$ f(x)=x^2-1$ with an interval of $[0,1]$
i have this equation and made each step to solve this problem, but at the time of applying the special rule when $\sum_{k=1}^{n}k^2= \frac{n(n+1)(2n+1)}{6}$ but i think i messed up a value in my equations because i got a value that doesn't match with the one in my guidebook, here are my steps, please try to explain where i got wrong please, thank you.
here is my work since LATEX is pretty hard rn for me at the moment.

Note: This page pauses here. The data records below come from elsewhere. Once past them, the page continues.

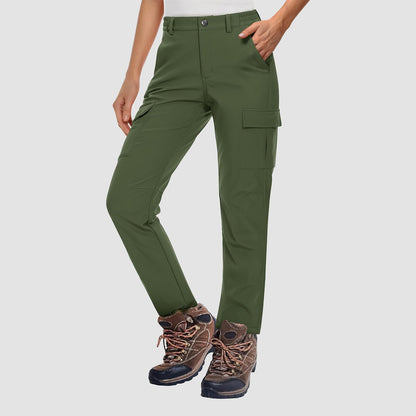 GÄVLE - Fleecegefütterte Wanderhose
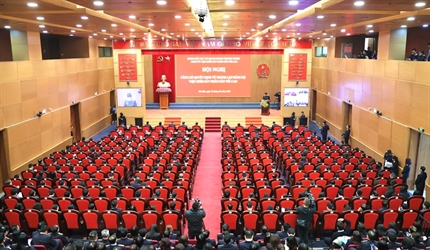 Viện trưởng VKSND tối cao ban hành Chỉ thị liên quan đến việc sắp xếp,...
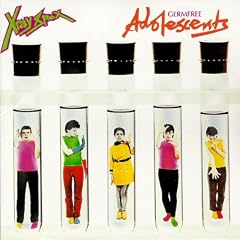 Germfree Adolescents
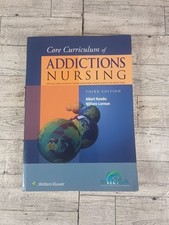 Core curriculum addictions for sale  Desoto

$$ \int_0^1 f(x)dx=\lim\limits_{n\rightarrow +\infty}\frac{1}{n}\sum_{k=1}^nf\left(\frac{k}{n}\right) $$ And $$ \begin{aligned} \frac{1}{n}\sum_{k=1}^nf\left(\frac{k}{n}\right)&=\frac{1}{n}\sum_{k=1}^n\left(\frac{k^2}{n^2}-1\right) \\ &=\frac{1}{n^3}\sum_{k=1}^n k^2-1 \\ &=\frac{n(n+1)(2n+1)}{6n^3}-1 \end{aligned}$$ Letting $n\rightarrow +\infty$ gives $$ \int_0^1 f(x)dx=\frac{2}{6}-1=-\frac{2}{3} $$